In case you hadn’t checked recently, there are, according to the Toronto Parking Authority’s very helpful “Find Parking” map, no fewer than 43 Green P lots along Bloor-Danforth, between Woodbine in the east and the Kingsway in the west. An unscientific visual inspection of said map would indicate that there’s no arterial in Toronto better provisioned with off-street parking than Bloor-Danforth (thanks to the cut-and-cover construction of the subway).
Despite this impressive municipal investment in short-term vehicle storage atop a rapid transit line, non-peak-hours street parking is allowed on much of that very long stretch, for reasons that have not only become increasingly obscure, but now represent an existential threat to the city’s cycling infrastructure and the people who use it.
Indeed, it would be difficult to make a case, in this day and age, for any kind of street parking on a road over a subway. Yet for the most part, the City — with various BIAs yapping in the background — has for years tried the old magic trick of seeking to appease all the various interests that use the spaces between buildings.
I get the idea of deploying parked cars as buffers to protect cyclists. But maybe it’s time to admit that, in the context of the cage match forced upon us by the Ford government, there’s simply not enough right-of-way for the City to try to satisfy all of the road users, all of the time.

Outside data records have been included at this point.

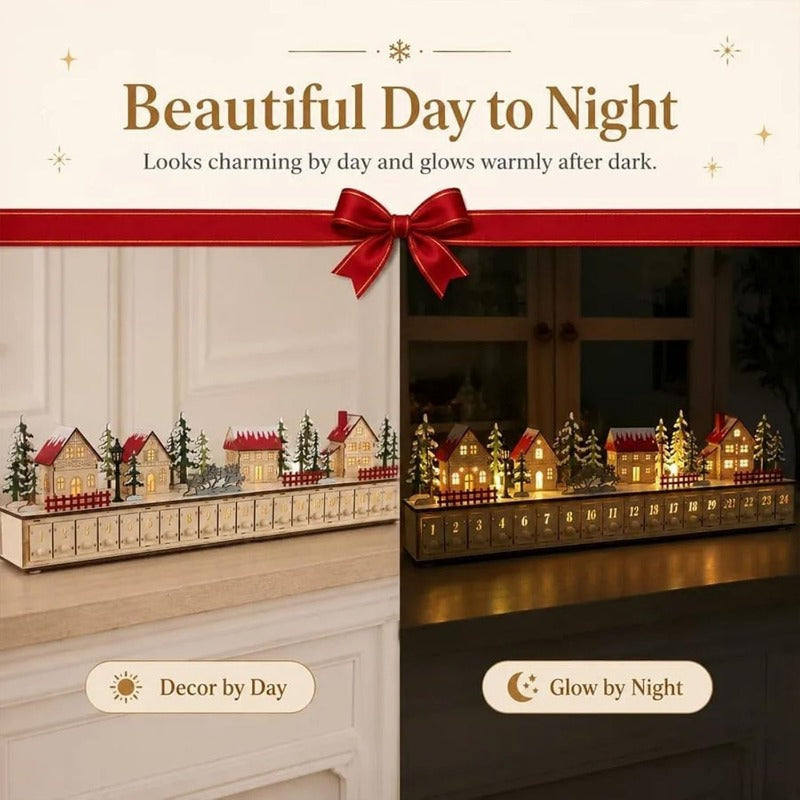 LAST DAY! 49% OFF 🔥 Handcrafted Wooden LED Christmas Village Advent Calendar ✨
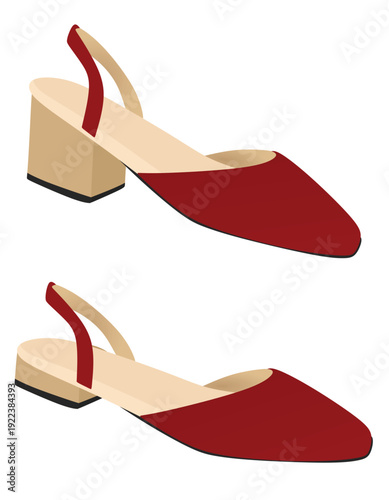 Red high and flat heel sandal. vector illustration	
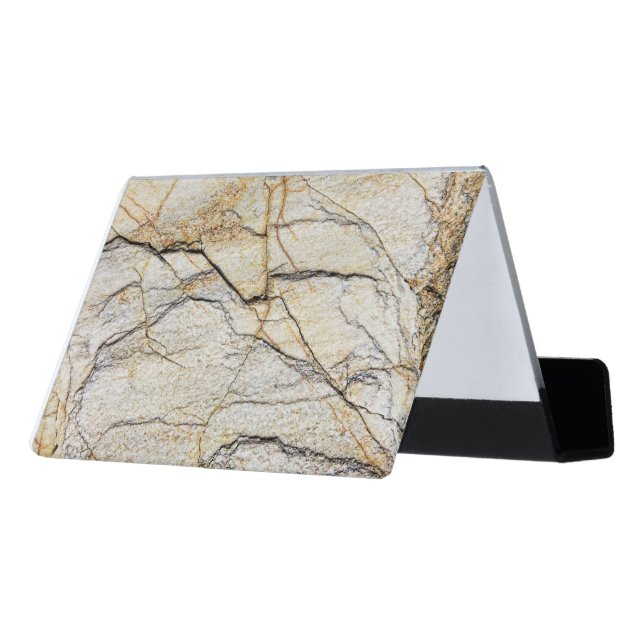 Brown and Black Textured Mable Stone  Desk Business Card Holder (Angled Back)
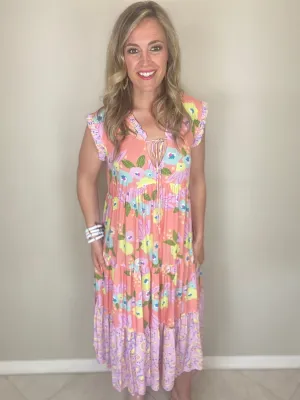 Coral Florals Dress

The problem with the politics of congestion is that driver attitudes are shaped to a huge degree by personal experiences with gridlock that may or may not have anything to do with what they see as they wait in traffic. The now notorious NHL-players-walking-to-Sunday’s-game from this past weekend is but the most recent example: The culprit was the Santa Claus parade, which was itself re-routed because of the massive construction blockage (the Museum subway entrance project) on Avenue Road south of Bloor. I’m convinced we’re into a world of congestion chain reactions that ripple across the city in unpredictable ways, leaving a slime trail of disgruntlement in their wake.
With bike lanes in particular, I do wonder whether the visual noise along Bloor-Danforth contributes to, or exacerbates, existing driver frustration, which the Ford government has weaponized against cyclists who (needless to add) are travelling along those corridors for precisely the same reason as drivers: heading to work, appointments, school, etc., etc.
So let’s ask the question: what specific constituency does street parking serve on arterials like Bloor-Danforth or the street car routes?
BIAs, mostly. When the St Clair West right-of-way fight was raging, the City sought to mollify the hairs-on-fire merchants and the mewling of former city councillor Cesar Palacio by adding Green P lots/spaces to compensate, apparently on a one-for-one basis, the spots lost to streetcar corridor. The city in that case failed to install bike infrastructure, and instead maintained a great deal of the on-street parking, despite all the public resources that were spent on adding lots all the way along the corridor. St Clair West today is a cyclist’s nightmare.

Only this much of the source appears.